Se cuenta que Sofía envió a un mensajero con madejas de lana a Narsés. El mensajero llevó el recado de que, como eunuco, Narsés tenía que dejar la guerra a los hombres y marcharse a hilar con las doncellas. Narsés, tragándose su ira, según el relato, contestó: «Lo voy a hilar de tal manera que no podrá deshilvanarlo fácilmente». Después, antes de marcharse, invitó a un nuevo grupo de tribus germánicas invadir Italia.

Si se inventó el cuento para justificar la aparición de nuevas tribus, no era necesario. Los hechos son suficientemente claros sin esta historia. Los ávaros estaban retrocediendo en los Balcanes frente a la firme defensa de Justino, y también frente a la llegada de un nuevo grupo de nómadas asiáticos que surgía tumultuosamente de la reserva sin fin de Asia central. Estos nuevos nómadas eran los kazaros.

Por tanto, los ávaros marcharon hacia el Oeste y establecieron una base en lo que hoy es Hungría, base que iban a conservar durante más de dos siglos. Este movimiento de los ávaros hacia Hungría ejerció una enorme presión sobre les tribus germánicas que ya estaban en aquella zona. Suponía luchar contra los ávaros o marcharse. Entre estas tribus se contaba la de los lombardos, que decidió marcharse. Cruzaron los Alpes, y en el 586 bajaron a las llanuras del norte de Italia.

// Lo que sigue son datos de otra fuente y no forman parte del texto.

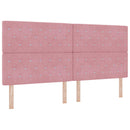 Boxmadras med topmadras Lyserød 200 x 200 cm Fløjl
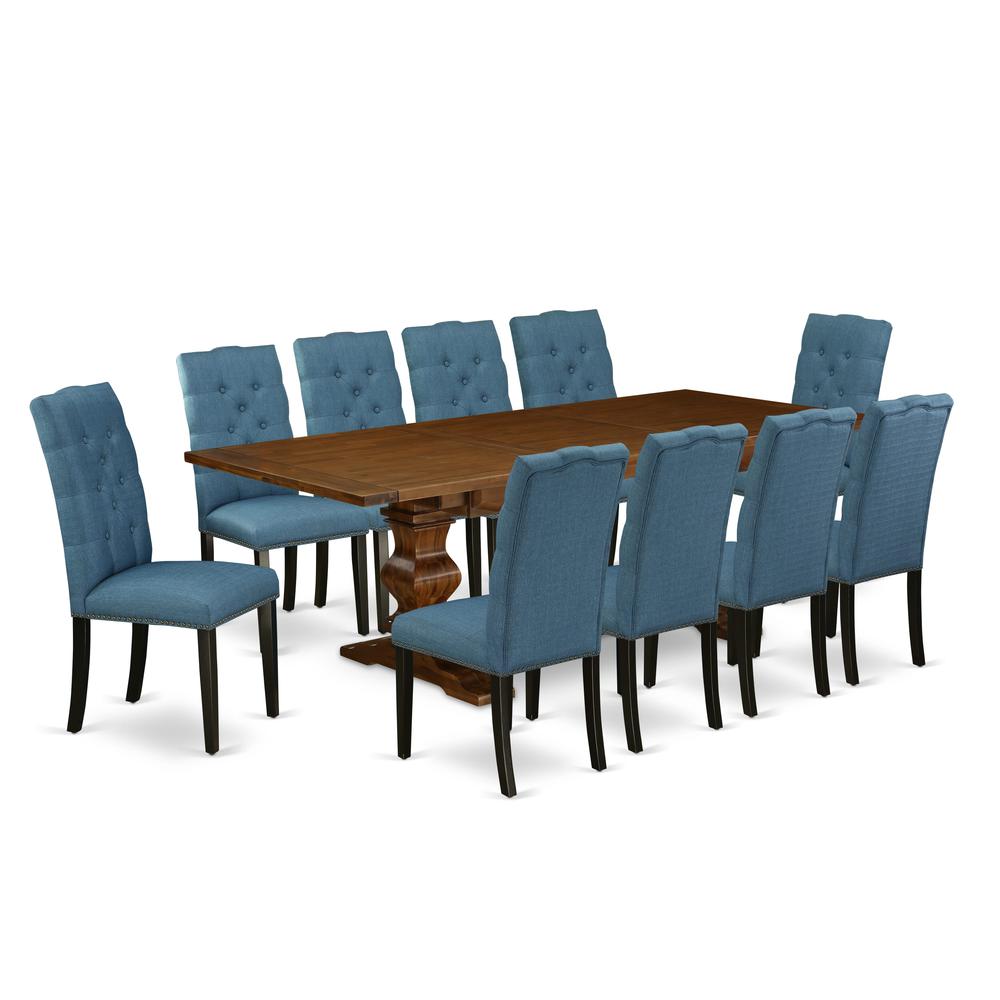 East West Furniture 11-Pieces Kitchen Table Set - A Butterfly Leaf Double Pedestal Dinner Table and 10 Blue Linen Fabric Dining Chairs with Button Tufted Back - Antique Walnut Finish. Picture 2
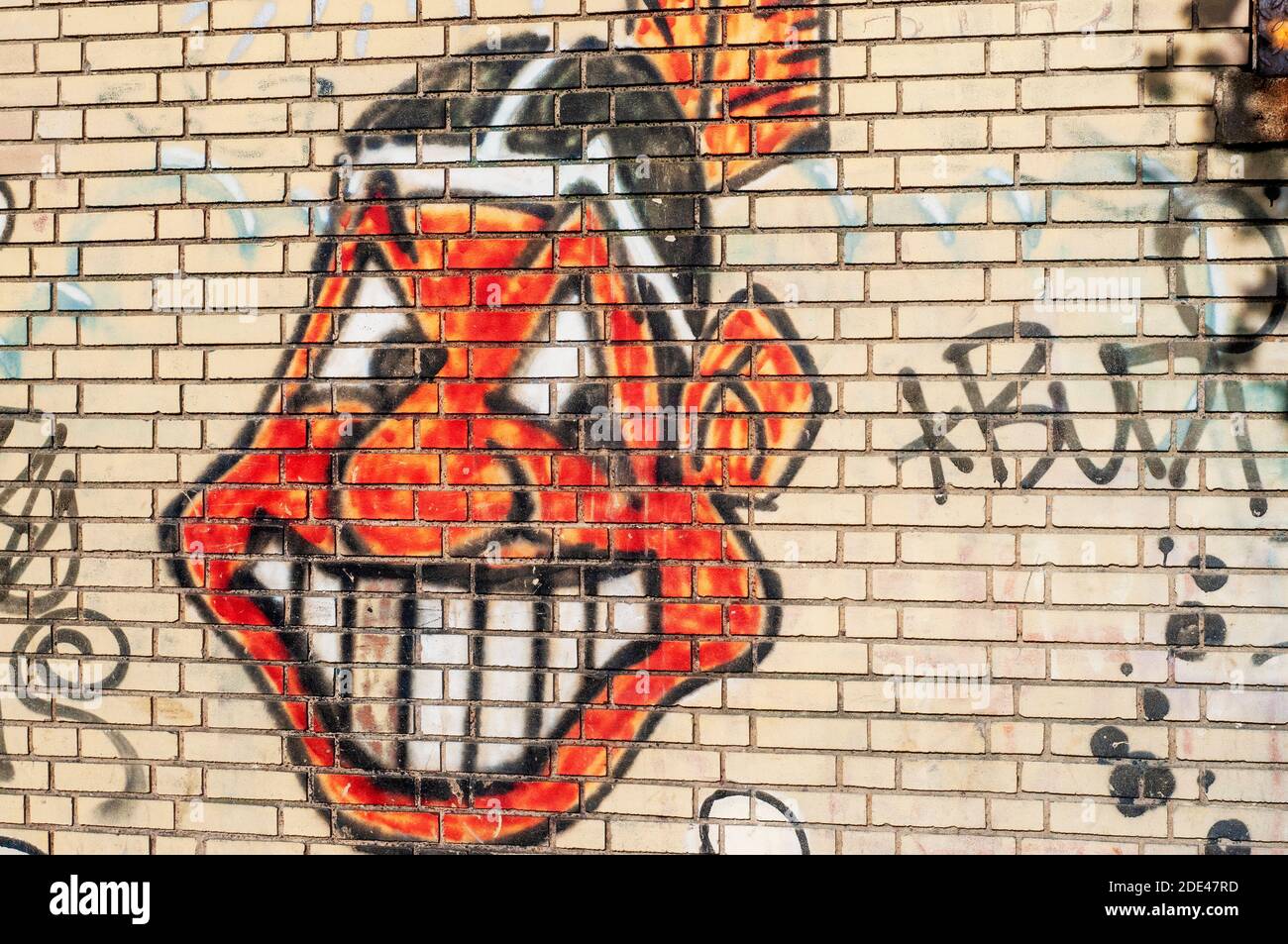 Graffiti on a wall in the Bronx. One of the most popular neighborhoods in New York is that of the Bronx, a neighborhood known for films , New York, US Stock Photo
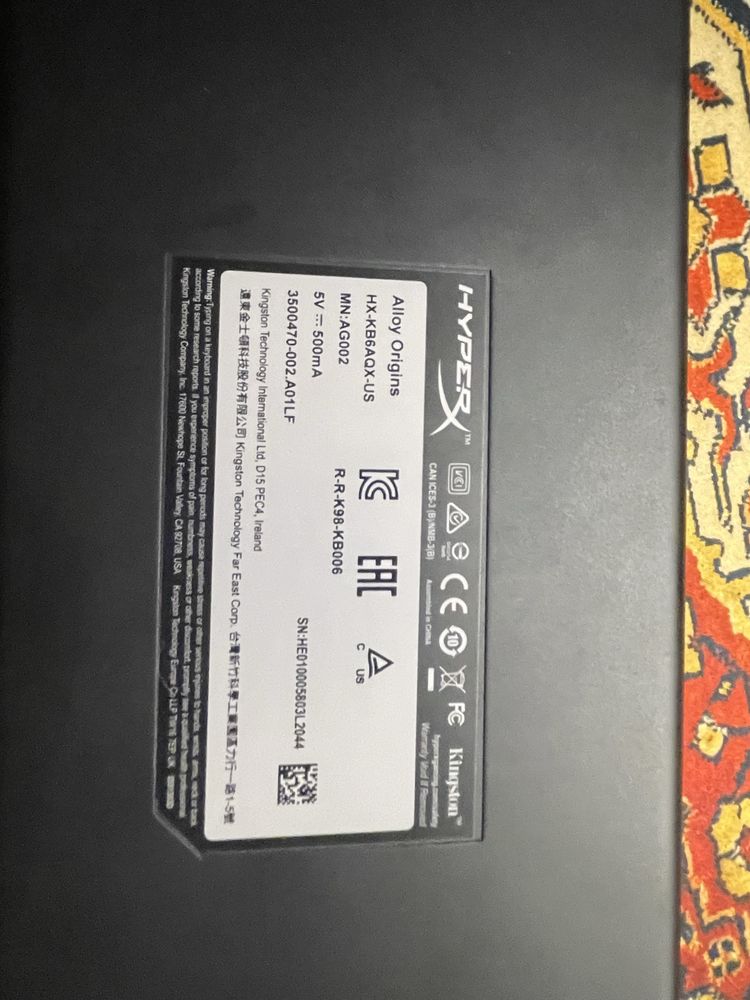 Klawiatura hyperX alloy origins bez jednego przycisku
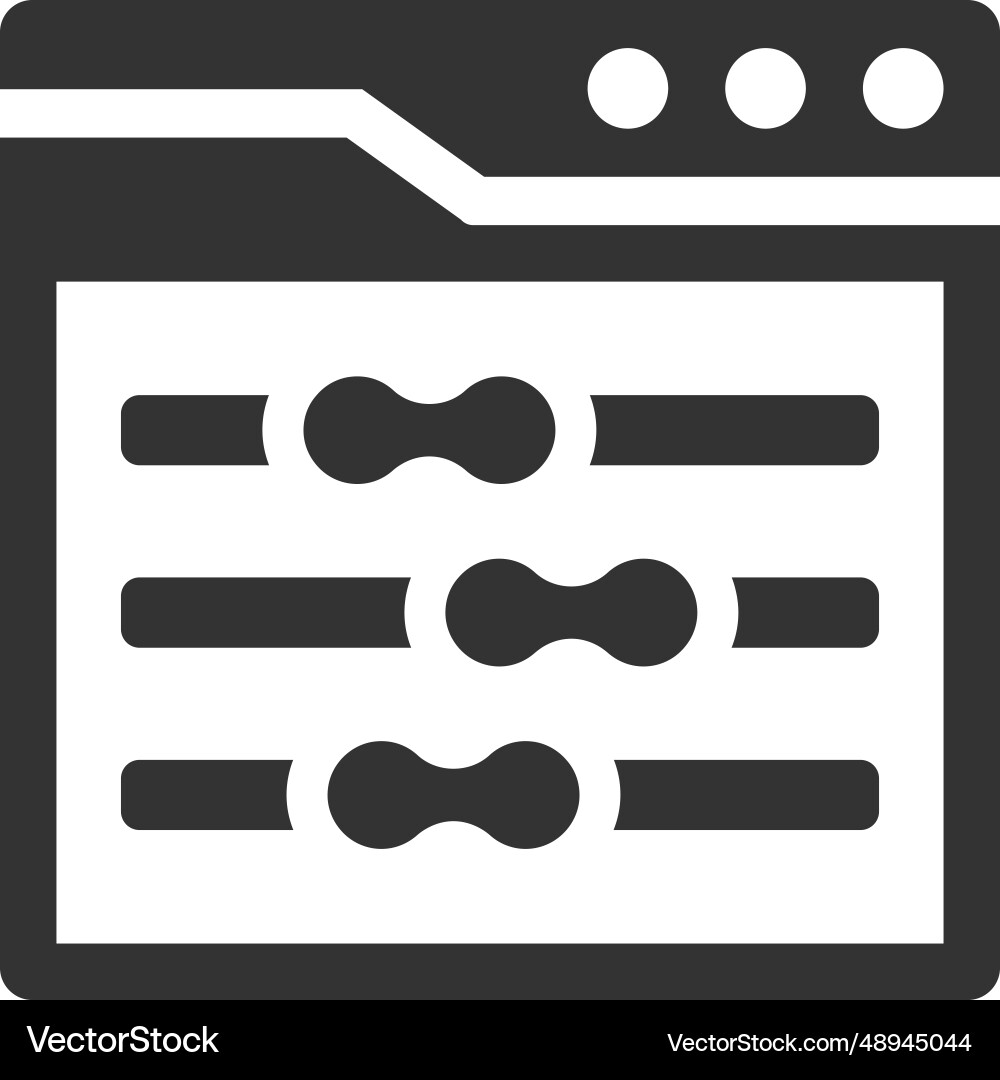 Web page configuration interface icon vector image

Tal vez alguien como Belisario o Narsés les podía haber rechazado, pero no había ningún jefe bizantino de ese calibre en Italia. Las fuerzas armadas imperiales padecían de una lamentable penuria de hombres y se vieron obligadas a retirarse. El norte de Italia fue invadido, convirtiéndose en el reino lombardo. También en el sur las bandas guerrilleras lombardas tomaron algunas regiones.